EXERCISE: All of the records below need to be written out exactly, but without the pictures.

##### DATA SHOWN #####

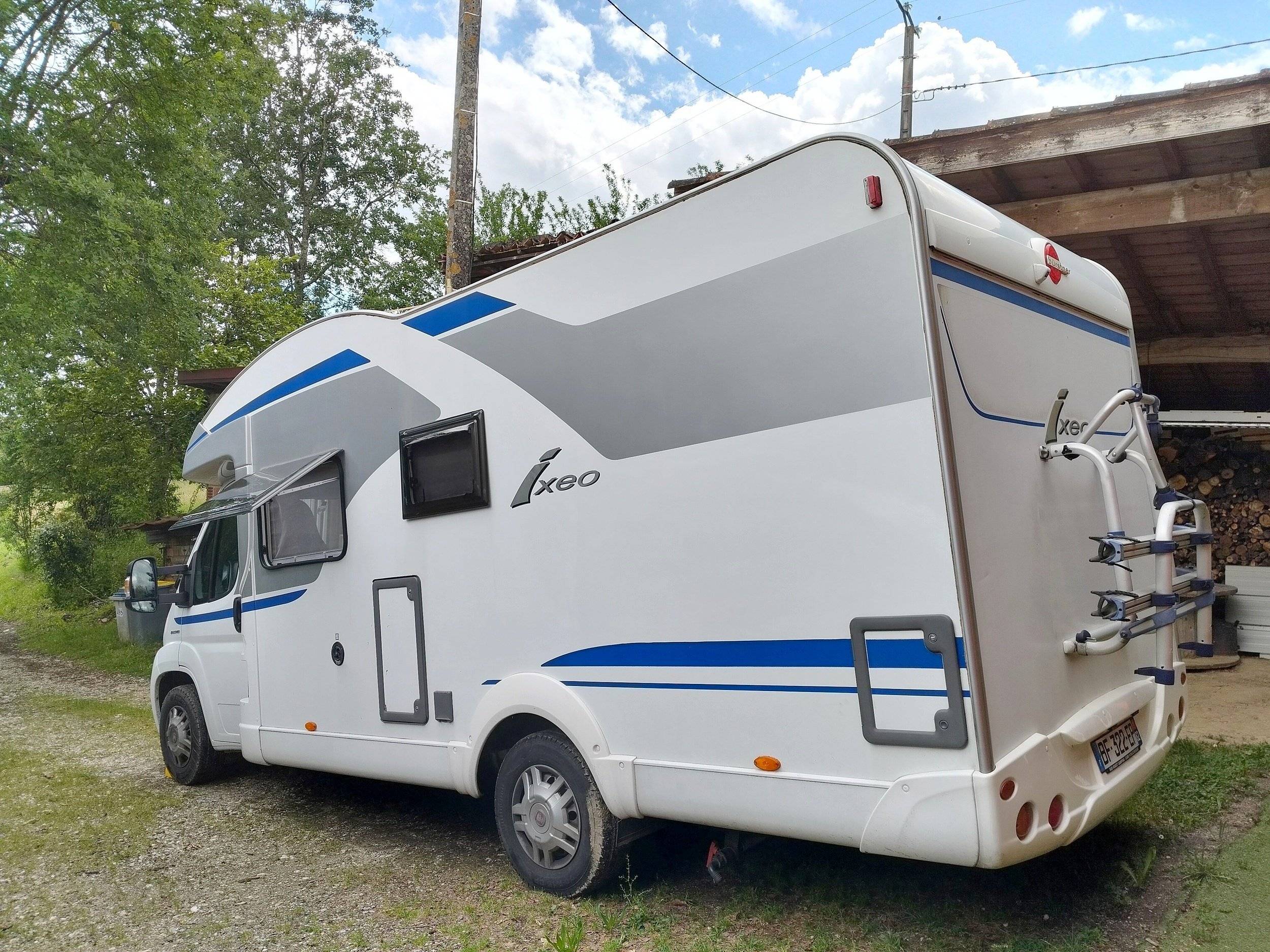 Front view from 3/4 Fiat 2,3 l 130 ch - Yescapa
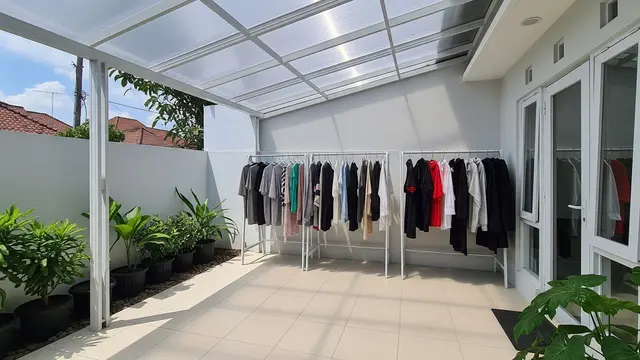 15 Model Penutup Jemuran Belakang Rumah yang Tetap Dapat Sinar Matahari
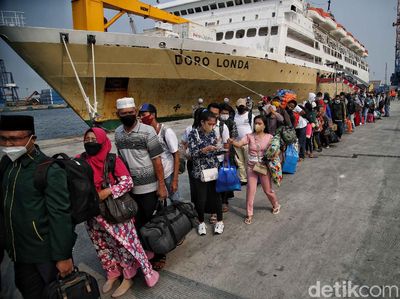 Jakarta Kedatangan Ratusan Pemudik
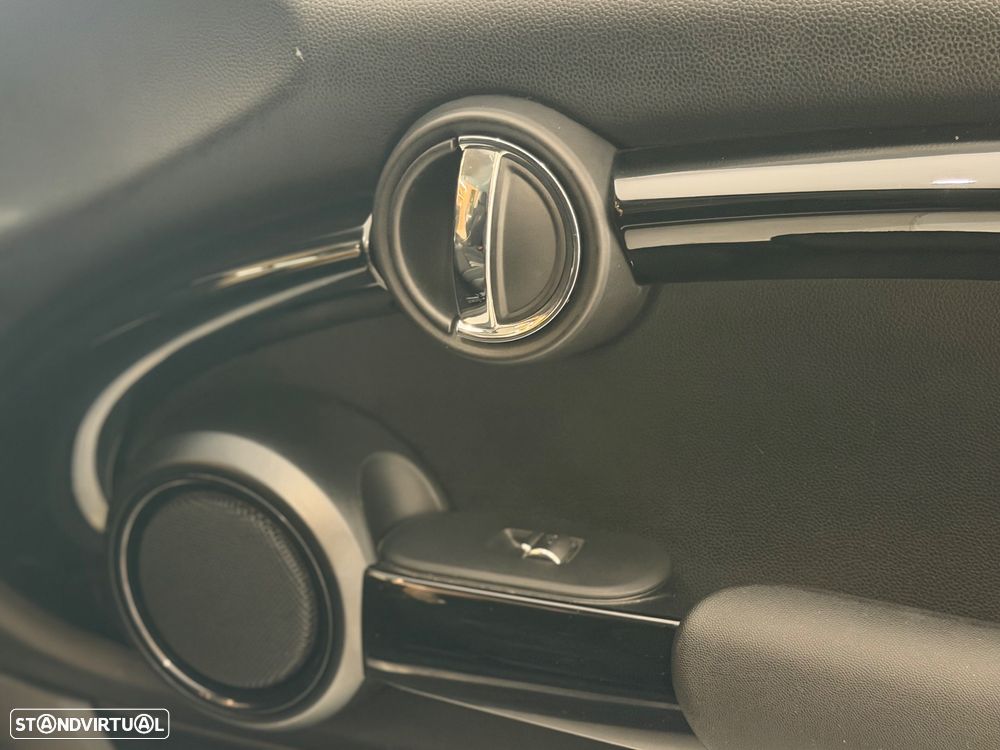 MINI 3 Portas Cooper SE Essential - 26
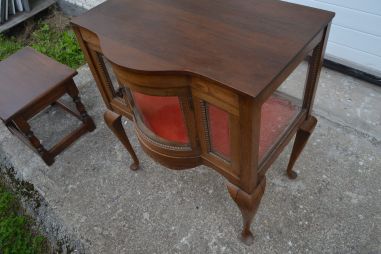 (n-8203) Klaasidega kapp, baarikapp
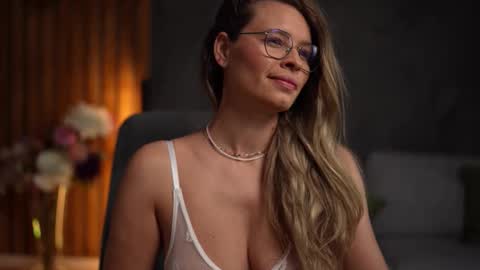 Snapshot of brandywhite chatting on 10.30.25 Alex online show from 10.30.25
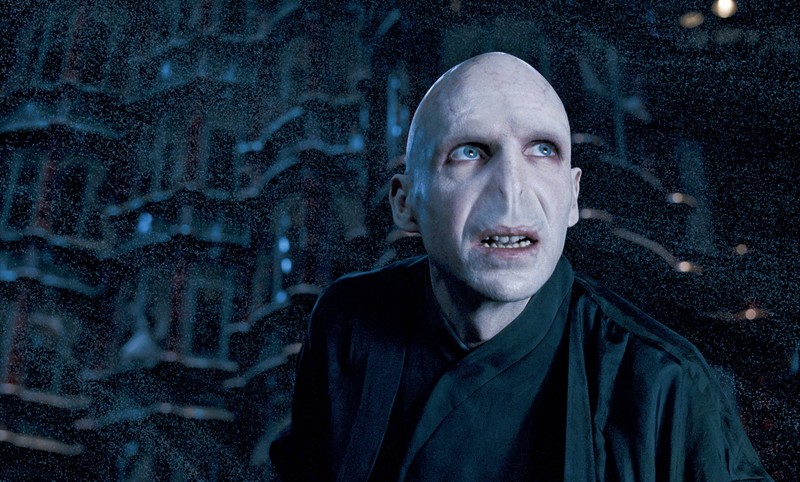 Dass Voldemort unter anderem wegen seinen Eltern niemanden lieben kann, wird in den Filmen nicht erwähnt.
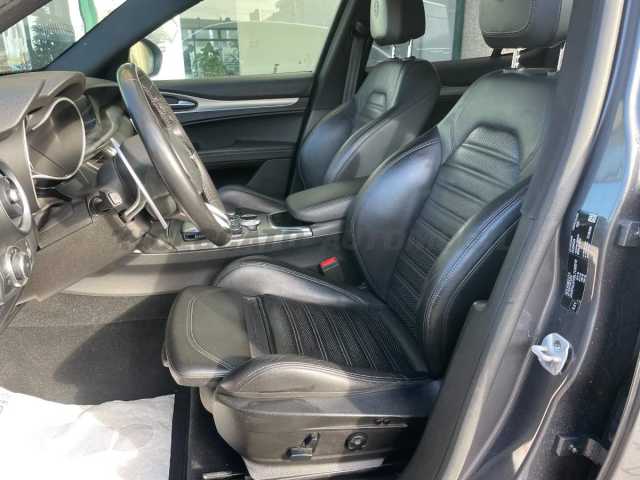 Alfa Romeo Stelvio 2.1l - grey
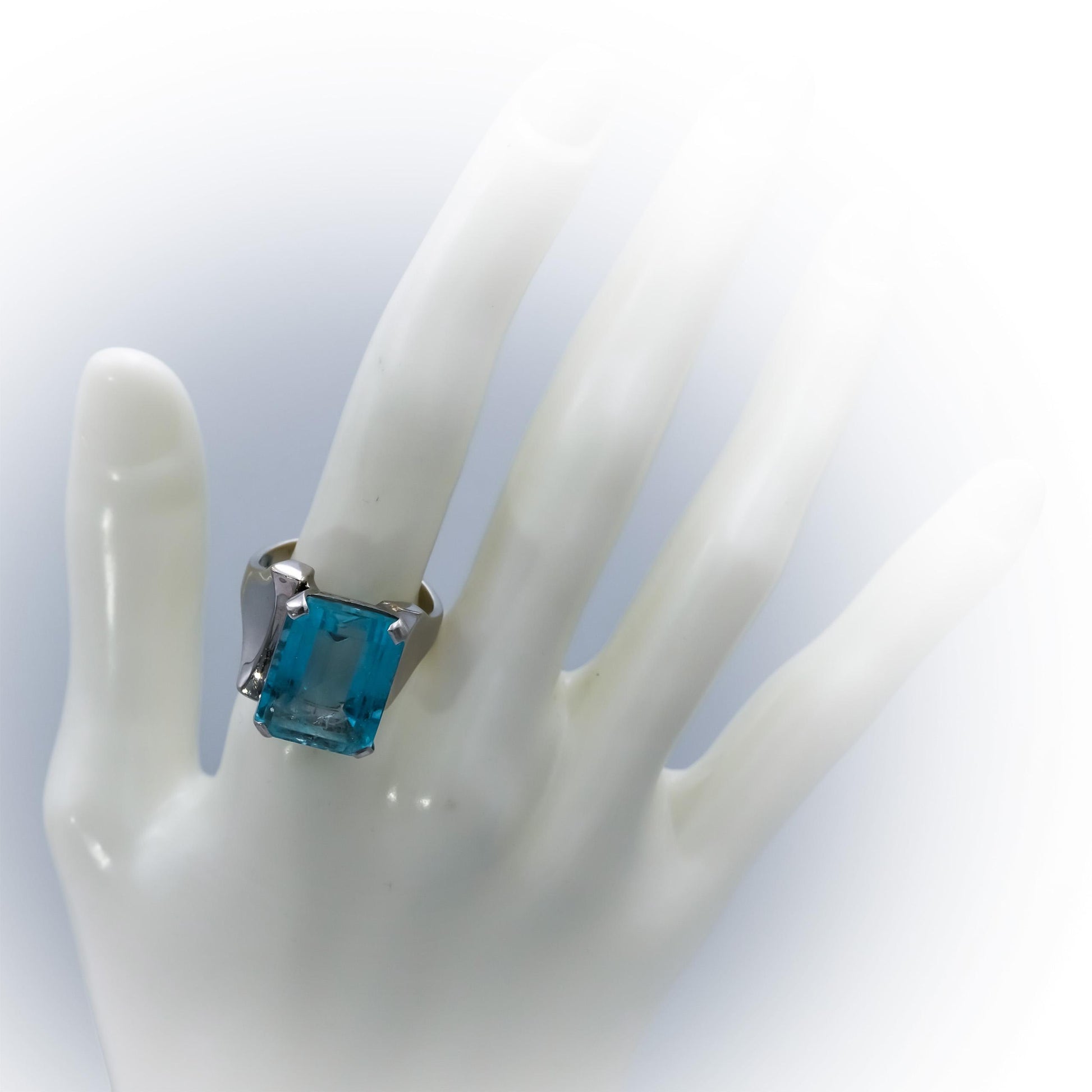 Retro Antique 14k White Gold Aquamarine Solitaire Ring 16.50CT Size 9.75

#####

ANSWER SECTION:
 Front view from 3/4 Fiat 2,3 l 130 ch - Yescapa
 15 Model Penutup Jemuran Belakang Rumah yang Tetap Dapat Sinar Matahari
 Jakarta Kedatangan Ratusan Pemudik
 MINI 3 Portas Cooper SE Essential - 26
 (n-8203) Klaasidega kapp, baarikapp
 Snapshot of brandywhite chatting on 10.30.25 Alex online show from 10.30.25
 Dass Voldemort unter anderem wegen seinen Eltern niemanden lieben kann, wird in den Filmen nicht erwähnt.
 Alfa Romeo Stelvio 2.1l - grey
 Retro Antique 14k White Gold Aquamarine Solitaire Ring 16.50CT Size 9.75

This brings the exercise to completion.